▽

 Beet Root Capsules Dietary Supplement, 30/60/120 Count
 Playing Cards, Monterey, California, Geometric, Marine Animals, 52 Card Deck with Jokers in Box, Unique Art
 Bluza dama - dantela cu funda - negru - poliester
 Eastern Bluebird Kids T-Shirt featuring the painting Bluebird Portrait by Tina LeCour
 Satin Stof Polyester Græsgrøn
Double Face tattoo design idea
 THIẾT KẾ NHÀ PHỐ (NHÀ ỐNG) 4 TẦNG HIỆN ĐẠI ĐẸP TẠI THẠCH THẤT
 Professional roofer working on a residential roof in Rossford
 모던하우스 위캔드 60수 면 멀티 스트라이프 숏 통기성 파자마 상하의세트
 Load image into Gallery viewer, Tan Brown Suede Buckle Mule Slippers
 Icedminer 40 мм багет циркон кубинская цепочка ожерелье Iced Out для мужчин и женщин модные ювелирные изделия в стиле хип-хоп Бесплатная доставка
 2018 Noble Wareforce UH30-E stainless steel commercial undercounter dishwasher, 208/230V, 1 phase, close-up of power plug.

△

[EXERCISE DESCRIPTION] Write down only the closing run of lines: the one containing "Double Face tattoo design idea" and every line after it to the end of the entries, exactly.

[TASK ANSWER]
Double Face tattoo design idea
 THIẾT KẾ NHÀ PHỐ (NHÀ ỐNG) 4 TẦNG HIỆN ĐẠI ĐẸP TẠI THẠCH THẤT
 Professional roofer working on a residential roof in Rossford
 모던하우스 위캔드 60수 면 멀티 스트라이프 숏 통기성 파자마 상하의세트
 Load image into Gallery viewer, Tan Brown Suede Buckle Mule Slippers
 Icedminer 40 мм багет циркон кубинская цепочка ожерелье Iced Out для мужчин и женщин модные ювелирные изделия в стиле хип-хоп Бесплатная доставка
 2018 Noble Wareforce UH30-E stainless steel commercial undercounter dishwasher, 208/230V, 1 phase, close-up of power plug.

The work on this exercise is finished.